Add zoned_uid property with additive least privilege authorization

This implements zoned_uid - a ZFS property that delegates dataset
visibility and administration to user namespaces owned by a specific
UID, enabling rootless Podman/Docker with native ZFS storage.

Usage: zfs set zoned_uid=1000 pool/dataset

Problem solved:
- zfs zone requires an existing namespace PID
- Podman creates a new namespace on each container start
- Solution: delegate to UID, any namespace owned by that UID is
  authorized

Authorization model — three-layer additive (all must pass):

  L0 (auth):     Namespace owner UID matches zoned_uid property
  L1 (dsl_deleg): Per-operation grants via `zfs allow` (when pool
                   delegation is ON — the default)
  L2 (cap tier):  Linux capability in the namespace determines the
                   operation class permitted

While CAP_SYS_ADMIN is a namespaced capability (the namespace owner
always holds it within their own user namespace), granting blanket
access based solely on its presence is contrary to the Principle of
Least Privilege.
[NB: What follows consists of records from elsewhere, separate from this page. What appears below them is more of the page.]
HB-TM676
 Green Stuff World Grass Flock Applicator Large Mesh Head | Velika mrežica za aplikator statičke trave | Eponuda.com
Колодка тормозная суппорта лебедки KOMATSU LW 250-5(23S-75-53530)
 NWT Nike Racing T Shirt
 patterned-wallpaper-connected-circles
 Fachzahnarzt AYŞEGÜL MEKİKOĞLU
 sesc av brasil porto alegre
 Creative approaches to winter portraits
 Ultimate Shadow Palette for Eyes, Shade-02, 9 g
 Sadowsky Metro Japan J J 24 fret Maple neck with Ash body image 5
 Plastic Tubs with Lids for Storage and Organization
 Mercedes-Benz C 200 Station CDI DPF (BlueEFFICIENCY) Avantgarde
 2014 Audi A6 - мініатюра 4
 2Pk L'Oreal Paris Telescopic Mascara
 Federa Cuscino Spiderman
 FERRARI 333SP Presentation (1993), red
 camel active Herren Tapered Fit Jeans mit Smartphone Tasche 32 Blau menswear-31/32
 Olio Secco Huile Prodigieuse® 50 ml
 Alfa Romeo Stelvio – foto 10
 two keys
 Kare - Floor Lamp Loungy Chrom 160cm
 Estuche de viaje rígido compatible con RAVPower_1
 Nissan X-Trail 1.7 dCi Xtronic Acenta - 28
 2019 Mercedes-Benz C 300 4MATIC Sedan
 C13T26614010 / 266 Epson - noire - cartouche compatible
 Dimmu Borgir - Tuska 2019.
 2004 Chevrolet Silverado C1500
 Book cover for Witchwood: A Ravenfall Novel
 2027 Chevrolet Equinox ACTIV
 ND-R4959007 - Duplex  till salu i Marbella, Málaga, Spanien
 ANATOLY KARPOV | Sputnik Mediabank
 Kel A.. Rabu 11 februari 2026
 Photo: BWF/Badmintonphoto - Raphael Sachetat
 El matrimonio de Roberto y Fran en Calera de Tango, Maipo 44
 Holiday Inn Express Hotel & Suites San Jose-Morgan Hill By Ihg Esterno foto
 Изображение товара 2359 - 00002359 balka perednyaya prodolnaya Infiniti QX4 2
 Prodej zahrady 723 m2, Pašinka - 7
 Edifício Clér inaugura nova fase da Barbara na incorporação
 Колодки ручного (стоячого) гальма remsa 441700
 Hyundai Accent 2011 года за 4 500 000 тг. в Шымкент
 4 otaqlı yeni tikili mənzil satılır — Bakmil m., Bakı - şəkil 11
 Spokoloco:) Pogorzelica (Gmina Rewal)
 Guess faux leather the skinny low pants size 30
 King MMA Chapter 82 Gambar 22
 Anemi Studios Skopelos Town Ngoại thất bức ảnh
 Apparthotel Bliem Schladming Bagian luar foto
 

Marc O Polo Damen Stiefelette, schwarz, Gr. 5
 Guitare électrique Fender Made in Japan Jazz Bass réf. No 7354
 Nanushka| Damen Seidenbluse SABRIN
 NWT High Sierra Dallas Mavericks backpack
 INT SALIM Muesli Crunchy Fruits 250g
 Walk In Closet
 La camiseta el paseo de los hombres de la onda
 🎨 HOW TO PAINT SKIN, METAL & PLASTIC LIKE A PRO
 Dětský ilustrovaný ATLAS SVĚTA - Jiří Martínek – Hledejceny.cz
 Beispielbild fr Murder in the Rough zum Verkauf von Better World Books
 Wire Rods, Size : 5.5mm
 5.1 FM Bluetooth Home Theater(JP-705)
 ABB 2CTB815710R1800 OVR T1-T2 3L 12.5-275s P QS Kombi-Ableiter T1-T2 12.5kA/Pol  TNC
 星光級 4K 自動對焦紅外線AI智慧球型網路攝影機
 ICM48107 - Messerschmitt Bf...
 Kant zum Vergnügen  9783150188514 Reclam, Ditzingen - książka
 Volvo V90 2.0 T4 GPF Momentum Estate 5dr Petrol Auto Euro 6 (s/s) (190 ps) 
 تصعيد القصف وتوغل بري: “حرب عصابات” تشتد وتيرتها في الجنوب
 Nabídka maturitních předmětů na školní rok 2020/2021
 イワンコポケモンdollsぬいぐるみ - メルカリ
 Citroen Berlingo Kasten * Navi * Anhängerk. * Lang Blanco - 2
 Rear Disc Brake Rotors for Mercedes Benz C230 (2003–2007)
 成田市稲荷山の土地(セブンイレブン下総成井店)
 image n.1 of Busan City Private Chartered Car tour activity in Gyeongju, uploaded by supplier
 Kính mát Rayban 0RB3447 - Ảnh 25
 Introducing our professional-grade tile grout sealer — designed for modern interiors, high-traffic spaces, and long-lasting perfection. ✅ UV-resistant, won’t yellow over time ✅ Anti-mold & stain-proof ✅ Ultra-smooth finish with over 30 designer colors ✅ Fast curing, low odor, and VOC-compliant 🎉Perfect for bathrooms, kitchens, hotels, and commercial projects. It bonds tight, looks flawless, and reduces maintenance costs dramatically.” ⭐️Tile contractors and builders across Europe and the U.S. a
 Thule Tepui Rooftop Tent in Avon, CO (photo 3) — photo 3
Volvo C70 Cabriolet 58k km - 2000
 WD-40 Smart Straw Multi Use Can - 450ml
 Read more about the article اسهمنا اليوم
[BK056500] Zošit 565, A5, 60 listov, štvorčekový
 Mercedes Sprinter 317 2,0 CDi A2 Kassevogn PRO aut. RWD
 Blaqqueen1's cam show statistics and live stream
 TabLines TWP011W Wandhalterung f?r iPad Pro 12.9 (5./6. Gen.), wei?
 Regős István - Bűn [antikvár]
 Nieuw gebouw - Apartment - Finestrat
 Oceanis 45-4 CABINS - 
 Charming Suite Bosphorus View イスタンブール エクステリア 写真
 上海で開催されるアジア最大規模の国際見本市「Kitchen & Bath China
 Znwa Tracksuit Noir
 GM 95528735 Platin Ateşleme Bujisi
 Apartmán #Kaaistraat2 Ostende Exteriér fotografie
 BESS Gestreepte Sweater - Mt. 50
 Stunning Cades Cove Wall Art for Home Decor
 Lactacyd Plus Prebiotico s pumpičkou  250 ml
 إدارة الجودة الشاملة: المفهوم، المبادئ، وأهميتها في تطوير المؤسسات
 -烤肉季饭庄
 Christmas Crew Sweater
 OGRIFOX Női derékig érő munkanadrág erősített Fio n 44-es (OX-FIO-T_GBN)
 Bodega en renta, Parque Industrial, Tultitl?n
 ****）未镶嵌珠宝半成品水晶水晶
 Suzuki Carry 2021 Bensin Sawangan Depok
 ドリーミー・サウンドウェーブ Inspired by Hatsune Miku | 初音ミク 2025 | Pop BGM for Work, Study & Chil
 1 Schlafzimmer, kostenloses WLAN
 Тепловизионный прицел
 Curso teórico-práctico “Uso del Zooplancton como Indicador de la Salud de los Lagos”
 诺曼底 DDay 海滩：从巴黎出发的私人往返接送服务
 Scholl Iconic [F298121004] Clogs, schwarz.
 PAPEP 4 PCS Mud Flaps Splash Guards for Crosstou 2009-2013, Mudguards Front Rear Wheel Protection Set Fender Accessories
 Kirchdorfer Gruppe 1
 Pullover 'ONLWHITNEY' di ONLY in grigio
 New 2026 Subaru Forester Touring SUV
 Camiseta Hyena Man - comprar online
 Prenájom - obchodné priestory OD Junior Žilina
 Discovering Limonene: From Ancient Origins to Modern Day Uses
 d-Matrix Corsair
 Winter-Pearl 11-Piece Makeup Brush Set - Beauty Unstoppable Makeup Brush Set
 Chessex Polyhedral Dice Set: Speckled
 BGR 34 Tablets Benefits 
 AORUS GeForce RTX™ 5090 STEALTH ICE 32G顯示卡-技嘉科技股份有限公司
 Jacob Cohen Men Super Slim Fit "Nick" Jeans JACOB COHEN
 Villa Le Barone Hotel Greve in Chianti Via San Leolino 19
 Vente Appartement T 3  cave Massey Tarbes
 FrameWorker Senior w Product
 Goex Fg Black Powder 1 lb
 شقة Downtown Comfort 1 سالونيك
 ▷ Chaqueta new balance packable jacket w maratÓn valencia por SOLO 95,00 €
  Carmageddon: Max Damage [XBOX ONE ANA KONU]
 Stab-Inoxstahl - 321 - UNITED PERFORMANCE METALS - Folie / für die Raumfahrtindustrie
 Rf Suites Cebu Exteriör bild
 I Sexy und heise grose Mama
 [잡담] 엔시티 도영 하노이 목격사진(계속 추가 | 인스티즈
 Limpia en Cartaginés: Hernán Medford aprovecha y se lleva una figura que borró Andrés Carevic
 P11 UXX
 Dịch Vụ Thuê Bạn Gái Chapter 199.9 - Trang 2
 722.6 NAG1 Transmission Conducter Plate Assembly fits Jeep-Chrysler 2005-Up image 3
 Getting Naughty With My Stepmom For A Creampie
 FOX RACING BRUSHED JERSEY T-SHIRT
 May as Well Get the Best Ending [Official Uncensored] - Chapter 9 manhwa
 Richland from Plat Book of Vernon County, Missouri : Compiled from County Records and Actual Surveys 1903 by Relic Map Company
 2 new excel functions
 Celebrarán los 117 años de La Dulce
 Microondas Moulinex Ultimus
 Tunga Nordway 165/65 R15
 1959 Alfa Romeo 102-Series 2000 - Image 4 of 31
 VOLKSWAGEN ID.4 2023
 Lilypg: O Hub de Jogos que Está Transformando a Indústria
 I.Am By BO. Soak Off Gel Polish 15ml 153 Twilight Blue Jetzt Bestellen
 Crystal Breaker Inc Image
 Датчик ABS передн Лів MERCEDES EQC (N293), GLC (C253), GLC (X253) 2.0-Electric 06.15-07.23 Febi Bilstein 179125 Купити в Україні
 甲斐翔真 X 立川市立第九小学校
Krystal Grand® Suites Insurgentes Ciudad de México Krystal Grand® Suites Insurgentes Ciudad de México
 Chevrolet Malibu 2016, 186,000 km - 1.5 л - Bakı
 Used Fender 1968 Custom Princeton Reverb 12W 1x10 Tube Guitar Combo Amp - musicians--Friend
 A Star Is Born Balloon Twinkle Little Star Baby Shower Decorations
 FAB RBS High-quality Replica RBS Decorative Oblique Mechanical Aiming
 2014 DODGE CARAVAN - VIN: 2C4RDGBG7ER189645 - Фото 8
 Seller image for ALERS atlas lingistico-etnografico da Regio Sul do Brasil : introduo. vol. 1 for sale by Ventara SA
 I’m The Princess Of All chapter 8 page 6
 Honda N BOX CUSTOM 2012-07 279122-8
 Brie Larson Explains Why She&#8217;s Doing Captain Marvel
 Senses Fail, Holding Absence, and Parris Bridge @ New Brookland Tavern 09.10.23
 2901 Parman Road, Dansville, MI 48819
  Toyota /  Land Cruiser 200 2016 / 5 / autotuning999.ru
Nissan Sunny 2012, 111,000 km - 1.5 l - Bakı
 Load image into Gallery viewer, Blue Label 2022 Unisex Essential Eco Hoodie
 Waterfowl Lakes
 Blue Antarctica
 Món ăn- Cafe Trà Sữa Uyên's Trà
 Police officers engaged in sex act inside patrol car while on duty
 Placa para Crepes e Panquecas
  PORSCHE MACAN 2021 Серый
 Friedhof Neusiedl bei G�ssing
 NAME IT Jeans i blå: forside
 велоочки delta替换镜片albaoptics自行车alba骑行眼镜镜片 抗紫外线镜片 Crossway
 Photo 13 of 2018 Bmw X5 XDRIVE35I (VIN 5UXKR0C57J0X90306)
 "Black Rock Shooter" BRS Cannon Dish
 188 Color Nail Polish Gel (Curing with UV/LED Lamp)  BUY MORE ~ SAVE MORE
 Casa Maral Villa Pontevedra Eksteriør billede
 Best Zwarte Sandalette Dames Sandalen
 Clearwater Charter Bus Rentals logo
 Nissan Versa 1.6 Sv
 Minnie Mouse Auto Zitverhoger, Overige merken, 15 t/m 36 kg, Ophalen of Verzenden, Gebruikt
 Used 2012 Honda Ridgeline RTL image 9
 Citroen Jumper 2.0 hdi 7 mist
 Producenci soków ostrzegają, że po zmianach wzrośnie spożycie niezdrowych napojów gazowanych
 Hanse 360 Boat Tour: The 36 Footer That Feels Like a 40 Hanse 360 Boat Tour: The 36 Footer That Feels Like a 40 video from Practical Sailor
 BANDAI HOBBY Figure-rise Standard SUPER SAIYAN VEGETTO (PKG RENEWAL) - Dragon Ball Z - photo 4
This change introduces tiered capability requirements
so that non-destructive operations (create, snapshot, set property)
require only CAP_FOWNER, while destructive operations (destroy, rename,
clone) continue to require CAP_SYS_ADMIN — both of which are namespaced
capabilities scoped to the user namespace, not the init namespace.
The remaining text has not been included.